Minister: Shared space design has to be '˜inclusive'
At a meeting of Holyrood’s Petitions Committee on Thursday, the Scottish Government minister said all local authorities should ensure the design of a shared space is “inclusive.”
He added: “The needs of those with a disability must be considered, in particular people with a visual impairment.”
Mr Yousaf was invited to give evidence at the committee by Strathkelvin MSP Rona Mackay in relation to disabled campaigner Sandy Taylor’s petition for a moratorium on all shared spaces until safety and equality issues have been addressed.
Declaring an interest at the start of the meeting, Ms Mackay told Mr Yousaf she was backing the campaign against the shared space scheme in her constituency.
She said the opening of the “four-way non-controlled crossing” at Catherine Street junction at the end of November was “terrifying” her constituents, particularly the ones who were less able.
Ms Mackay told Mr Yousaf: “I know in this instance with this local authority that visually impaired groups and others were not consulted.”
She asked the minister if it was a contravention of people’s rights if they were not consulted and not listened to.

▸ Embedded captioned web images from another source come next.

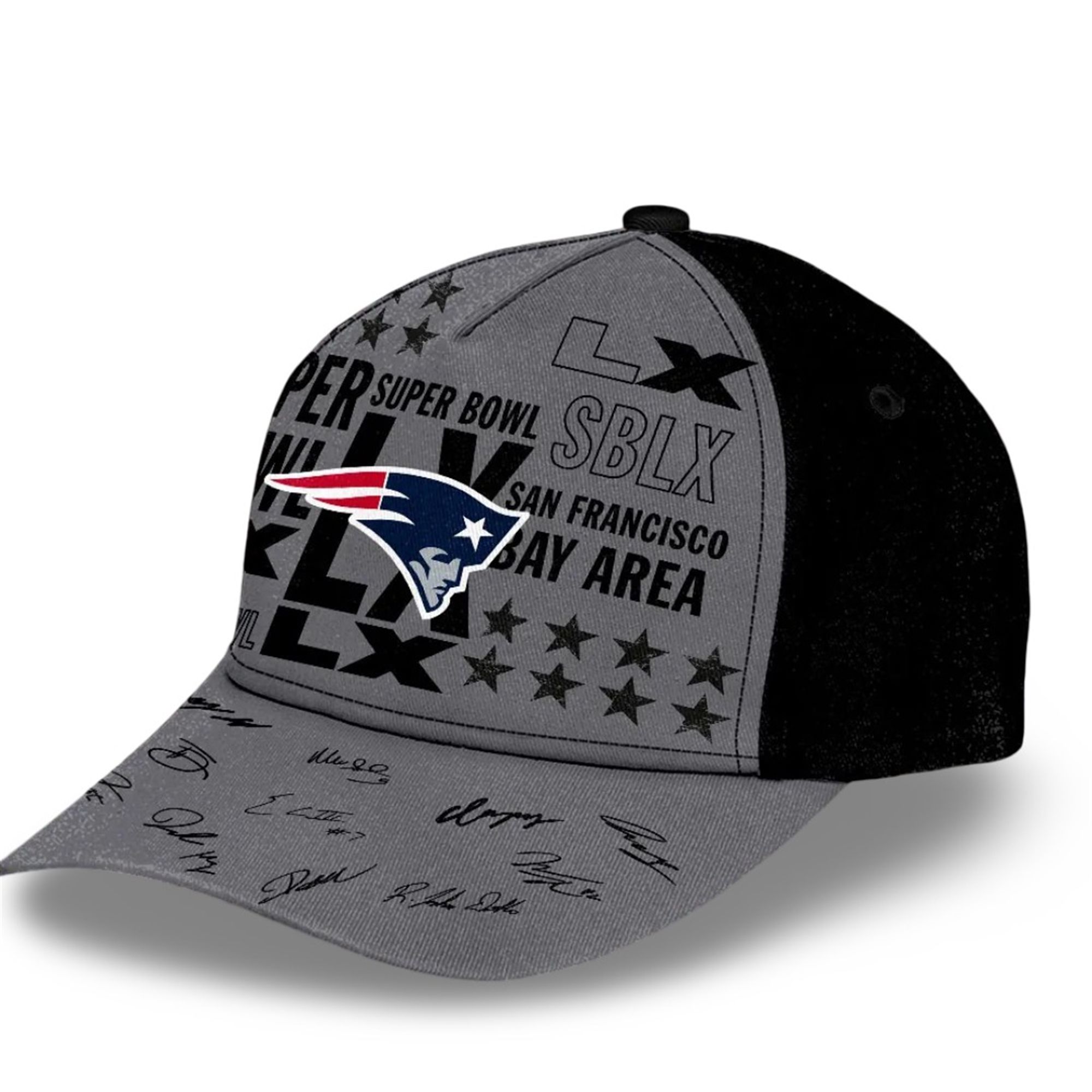 2026 NE Patriots SB LX San Francisco Bay Area Cap 3 19 2026 NE Patriots SB LX San Francisco Bay Area Cap
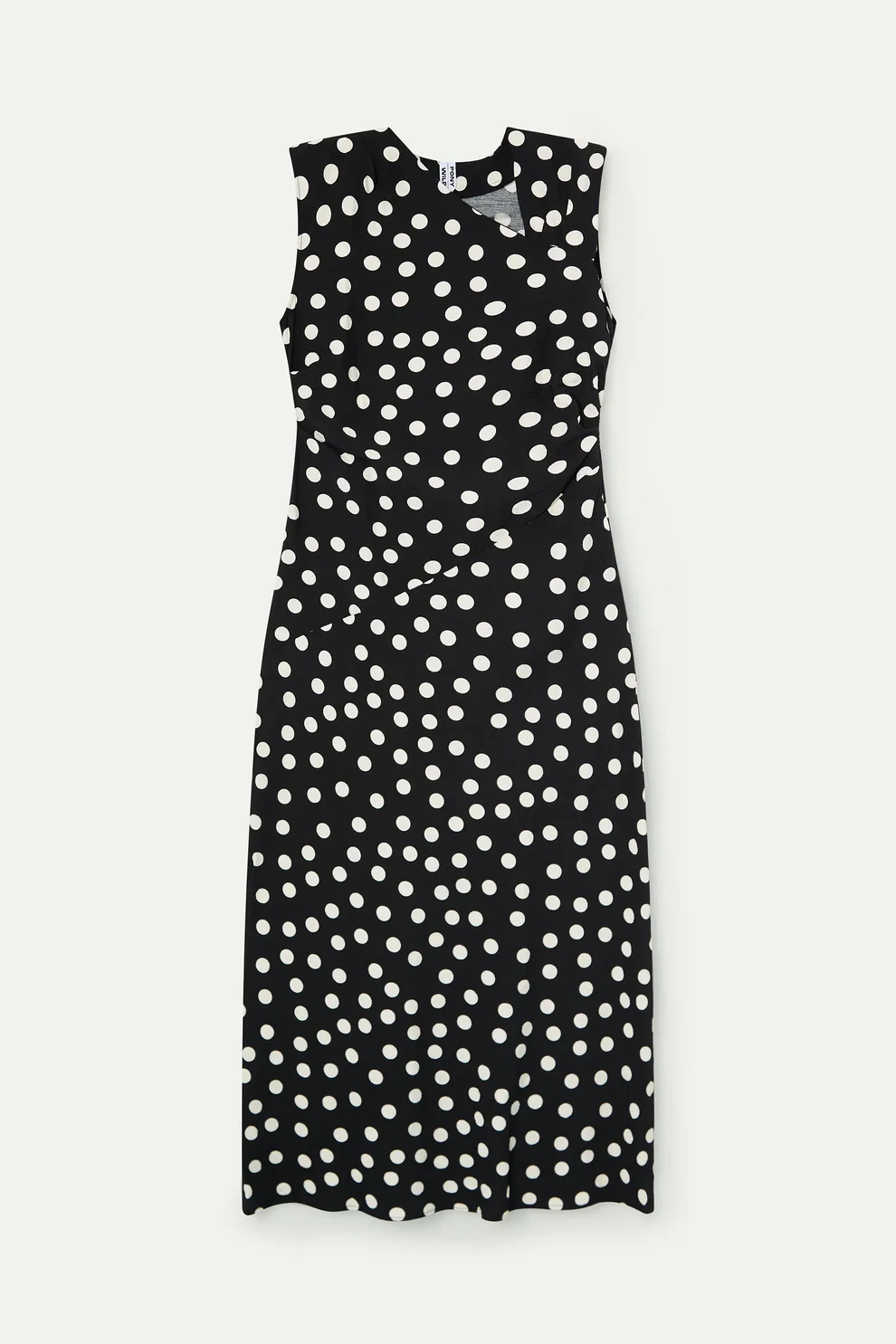 Long Dress with Black and White Knit Print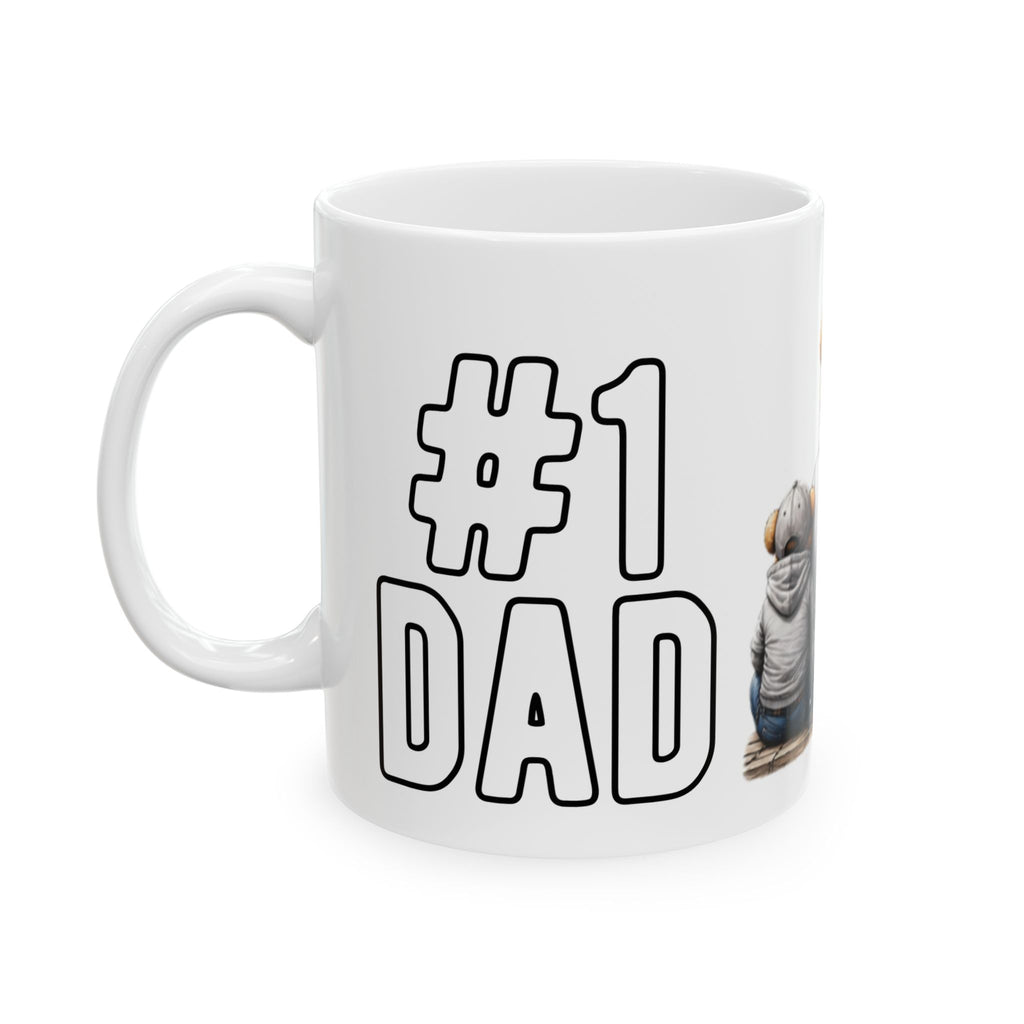 Dad Hero Legend Ceramic Mug — #1 Dad Coffee Cup, Father’s Day Gift (11oz)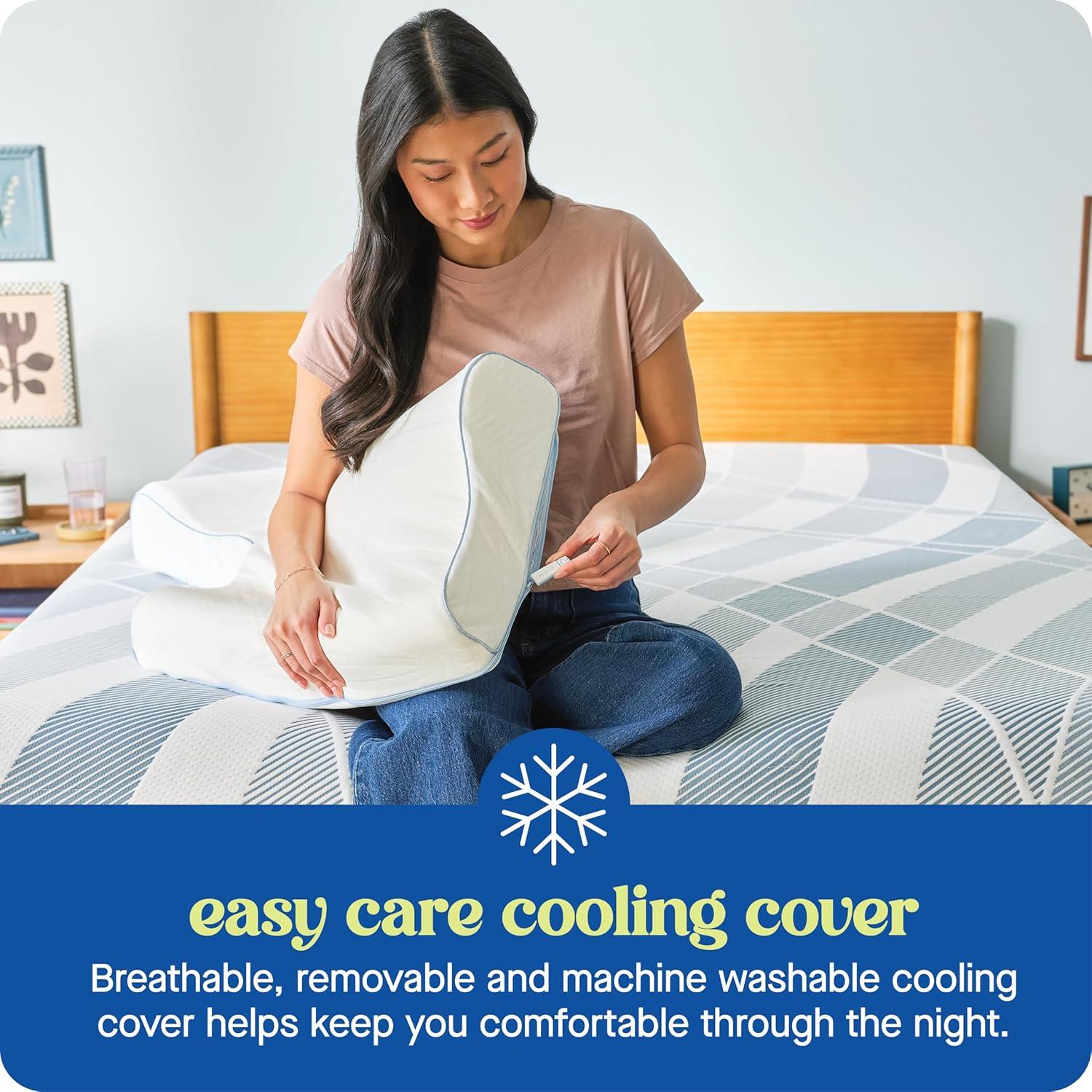imageSEALY Dreamlife Standard Size Contour Memory Foam Pillow with Surface Guard Technology Removable MachineWashable Cover 1 Year Limited Warranty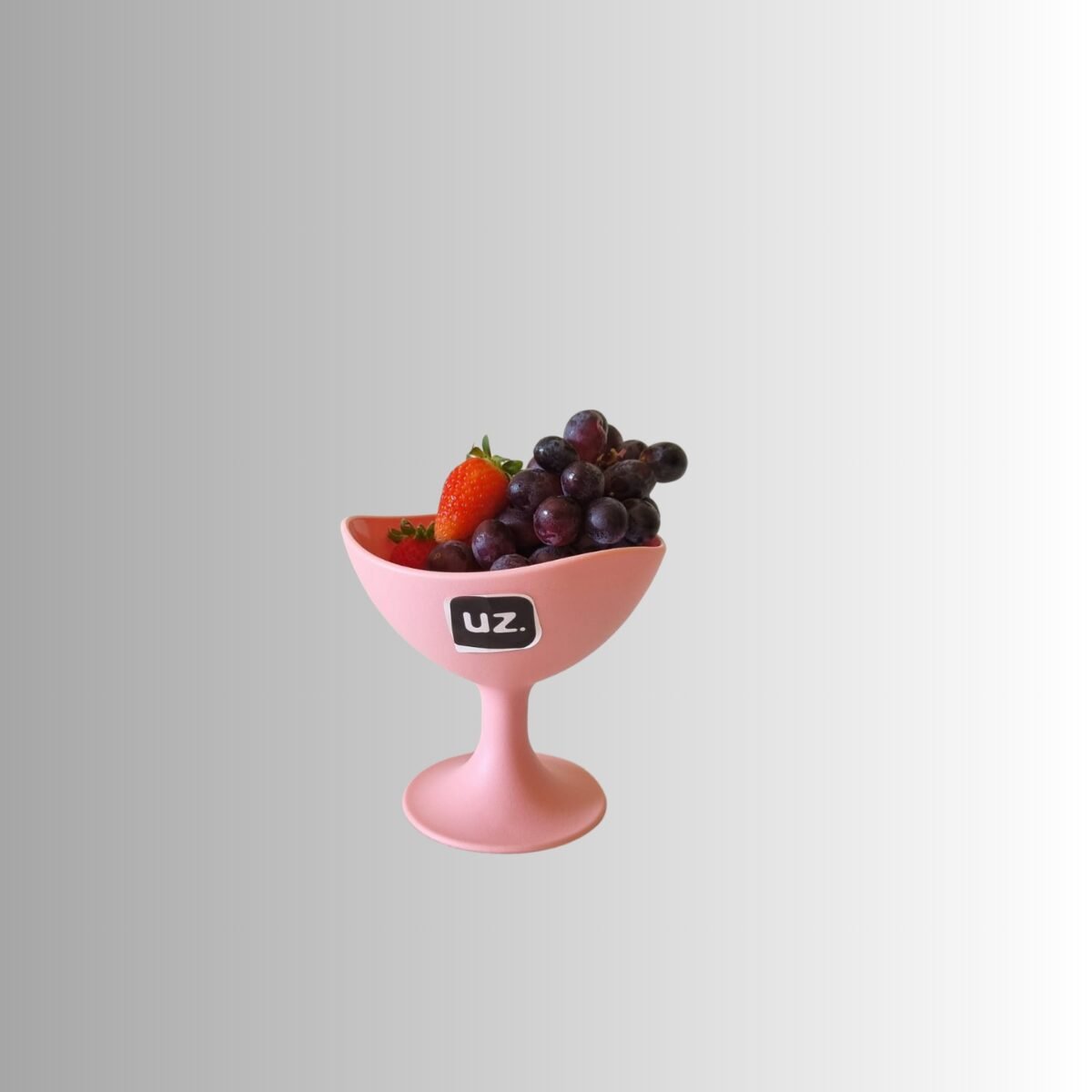 Kit 4 taças para sobremesa sorvete frutas 300ml rosa Uz - Imagem 5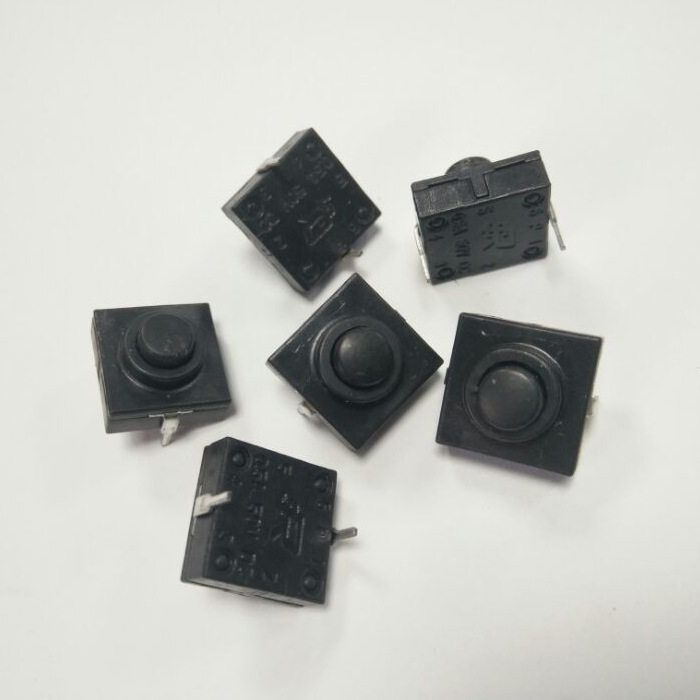 轻触开关12*12*9微动开关直插2脚按键SC-11A方形开关按钮1000/包
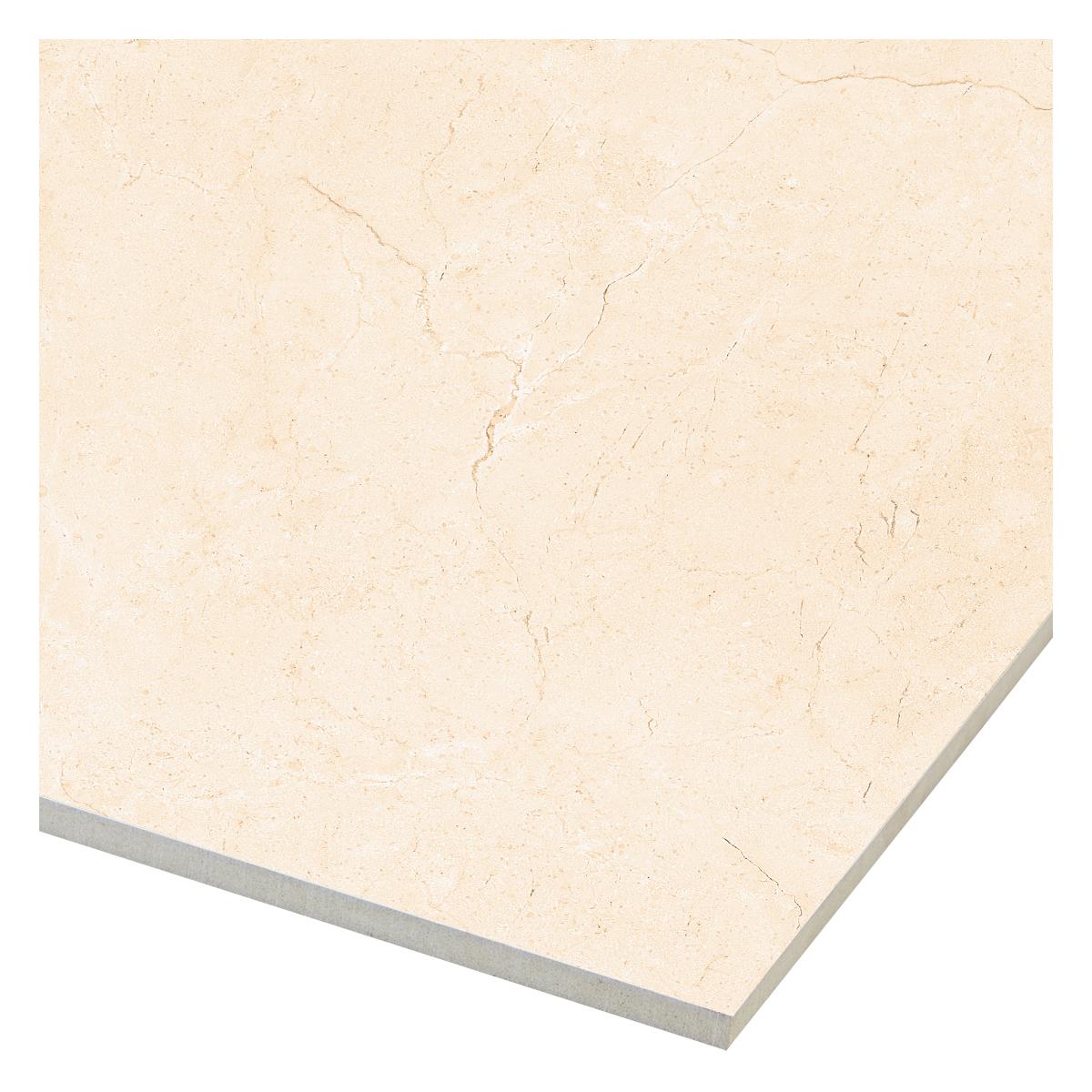 Porcelanato Marbled Beige Brillante - 60X60 cm - 1.44 m2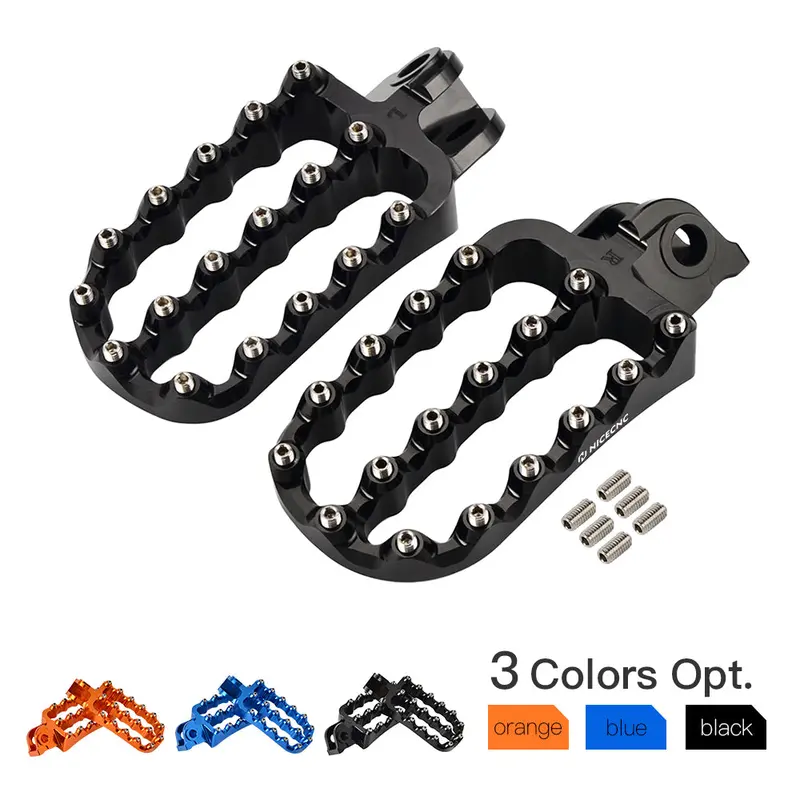 Forged Wide Foot Pegs Footrest Pedals For Gas Gas 700 Es Sm 2022-2025 1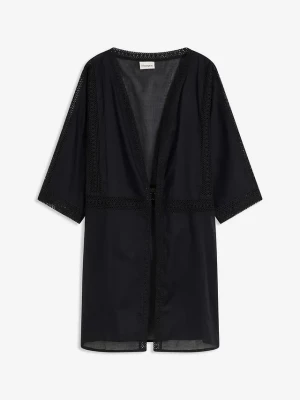 Obrázek produktu Kimono plażowe z koronką BonPrix czarny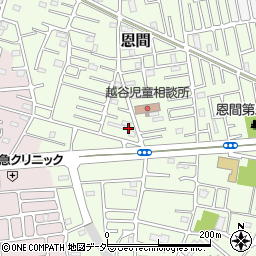 埼玉県越谷市恩間468-3周辺の地図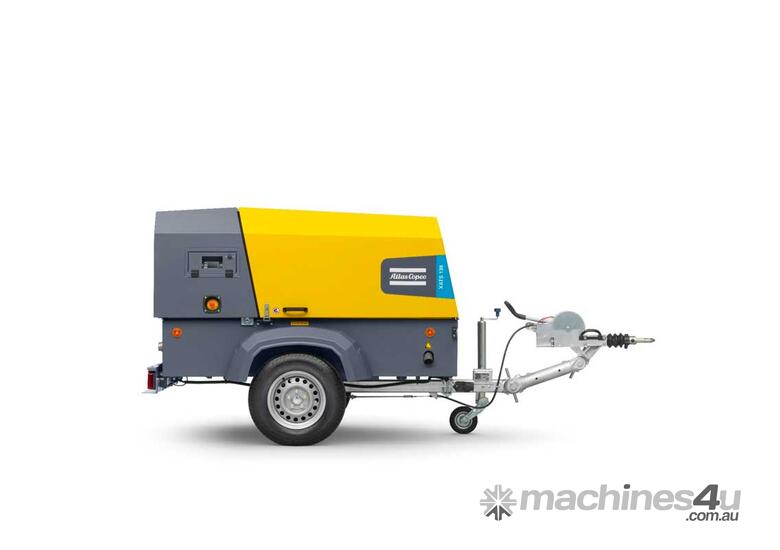 caption ATLAS COPCO XAS 138 Air Compressor High Capacity 250cfm 102psi Portable Towable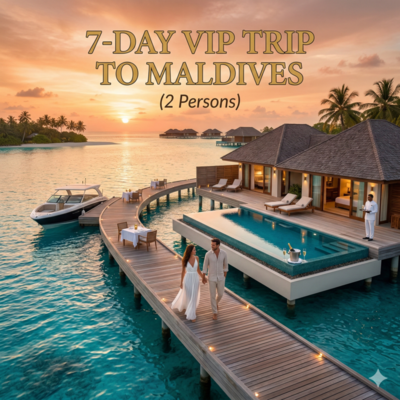 7-Day VIP Trip to Maldives (2 Persons)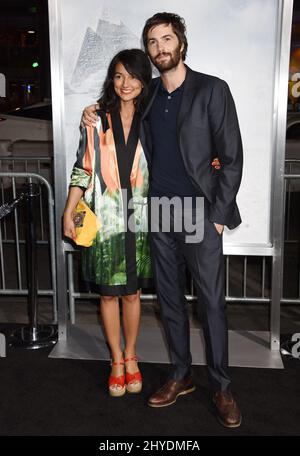 Jim Sturgess and Dina Mousawi attending the 'Geostorm' World Premiere held at the TCL Chinese Theatre IMAX in Los Angeles, USA Stock Photo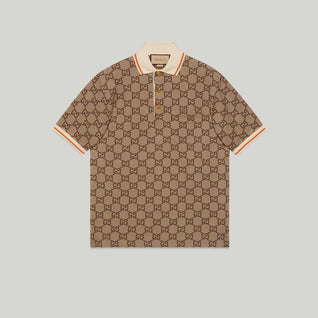 GG cotton silk polo shirt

Mr Yousaf said: “If that was the case then it would be deeply worrying because all of the guidance – be it our own guidance, the guidance which was produced from a local authority’s perspective – talks about collaboration with local access panels and local disability groups.”
He added the Scottish Government’s “Designing Streets” policy was “predominantly aimed towards residential and lightly trafficked streets”.
Mr Yousaf told the committee he would “have a conversation with East Dunbartonshire Council and report back”.
Sandy Taylor, chair of East Dunbartonshire Visually Impaired People’s Forum (EDVIP), said he would be asking for sanctions in the form of withdrawal of other funding from the council, “until East Dunbartonshire Council restores the human rights of the hundreds of disabled, elderly and vulnerable citizens currently being denied safe access to their town centre”.
After Thursday’s meeting, Ms Mackay said: “While the Scottish Government cannot directly intervene, the Transport Minister has agreed to discuss the issue of safety and equality with East Dunbartonshire Council and hopefully they will see sense and reinstate the crossing lights.
“Sandy Taylor is quite right to ask for sanctions against East Dunbartonshire Council until this is resolved.”
In response to Thursday’s meeting, council Leader Rhondda Geekie said: “Kirkintilloch Masterplan was designed to meet demands for the town centre to be improved for shoppers, traders, residents and visitors.”
She insisted the council was “not creating a ‘shared space’,” adding this was thanks to local campaigners such as the EDVIP.
Ms Geekie said: “The pilot exercise which took place in August-September 2014 underwent two independent Road Safety Audits (RSA) which did not raise objections.
“The final design also underwent an independent RSA and the Roads Construction Consent process.”
She added that an “independent appraisal” by charity Living Streets Scotland stated that the “design proposals for the Cowgate have been well thought out, with the needs of pedestrians as a priority.”